[What is needed]
Nothing belongs in the answer except the lines of the material that include "Silver".
[Record excerpts]
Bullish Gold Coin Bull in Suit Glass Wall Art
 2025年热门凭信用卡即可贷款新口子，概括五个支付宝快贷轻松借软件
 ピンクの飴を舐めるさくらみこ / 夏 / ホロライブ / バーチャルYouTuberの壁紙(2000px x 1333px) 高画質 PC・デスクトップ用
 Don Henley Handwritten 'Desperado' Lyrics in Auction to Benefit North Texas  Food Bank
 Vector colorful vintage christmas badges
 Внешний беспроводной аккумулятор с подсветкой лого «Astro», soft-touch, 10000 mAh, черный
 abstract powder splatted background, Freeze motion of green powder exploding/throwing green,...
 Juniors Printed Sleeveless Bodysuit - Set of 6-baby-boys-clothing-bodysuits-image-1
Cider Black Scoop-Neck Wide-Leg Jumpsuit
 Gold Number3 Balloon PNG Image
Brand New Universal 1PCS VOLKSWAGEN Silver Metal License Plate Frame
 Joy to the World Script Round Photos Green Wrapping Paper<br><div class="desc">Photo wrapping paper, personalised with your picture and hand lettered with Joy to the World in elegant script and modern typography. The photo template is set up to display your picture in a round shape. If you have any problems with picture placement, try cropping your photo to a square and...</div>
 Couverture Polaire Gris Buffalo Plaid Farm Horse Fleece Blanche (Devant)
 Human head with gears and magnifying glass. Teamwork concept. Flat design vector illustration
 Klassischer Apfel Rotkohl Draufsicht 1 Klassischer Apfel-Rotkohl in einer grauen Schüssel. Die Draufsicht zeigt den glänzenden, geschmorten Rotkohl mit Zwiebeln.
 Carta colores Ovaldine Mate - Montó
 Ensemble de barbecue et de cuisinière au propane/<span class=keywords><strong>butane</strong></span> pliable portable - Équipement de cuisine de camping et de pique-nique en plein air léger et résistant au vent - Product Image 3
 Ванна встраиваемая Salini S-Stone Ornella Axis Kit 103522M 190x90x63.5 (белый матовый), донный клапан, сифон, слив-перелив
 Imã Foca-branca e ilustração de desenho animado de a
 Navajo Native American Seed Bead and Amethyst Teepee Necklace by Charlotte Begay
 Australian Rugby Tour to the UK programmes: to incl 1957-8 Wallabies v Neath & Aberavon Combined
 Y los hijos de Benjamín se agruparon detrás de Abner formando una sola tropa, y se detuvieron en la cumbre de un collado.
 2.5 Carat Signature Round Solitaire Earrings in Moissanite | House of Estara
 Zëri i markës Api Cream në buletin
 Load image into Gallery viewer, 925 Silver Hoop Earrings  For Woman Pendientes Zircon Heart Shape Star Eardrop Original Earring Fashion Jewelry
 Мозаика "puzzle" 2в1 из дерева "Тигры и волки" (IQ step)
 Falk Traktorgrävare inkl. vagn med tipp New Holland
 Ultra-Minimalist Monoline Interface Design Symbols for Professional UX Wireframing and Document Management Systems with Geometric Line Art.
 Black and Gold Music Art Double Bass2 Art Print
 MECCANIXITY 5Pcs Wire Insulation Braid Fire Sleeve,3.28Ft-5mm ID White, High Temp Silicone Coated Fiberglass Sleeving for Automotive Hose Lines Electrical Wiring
[/Record excerpts]
[Written answer]
Brand New Universal 1PCS VOLKSWAGEN Silver Metal License Plate Frame
 Load image into Gallery viewer, 925 Silver Hoop Earrings  For Woman Pendientes Zircon Heart Shape Star Eardrop Original Earring Fashion Jewelry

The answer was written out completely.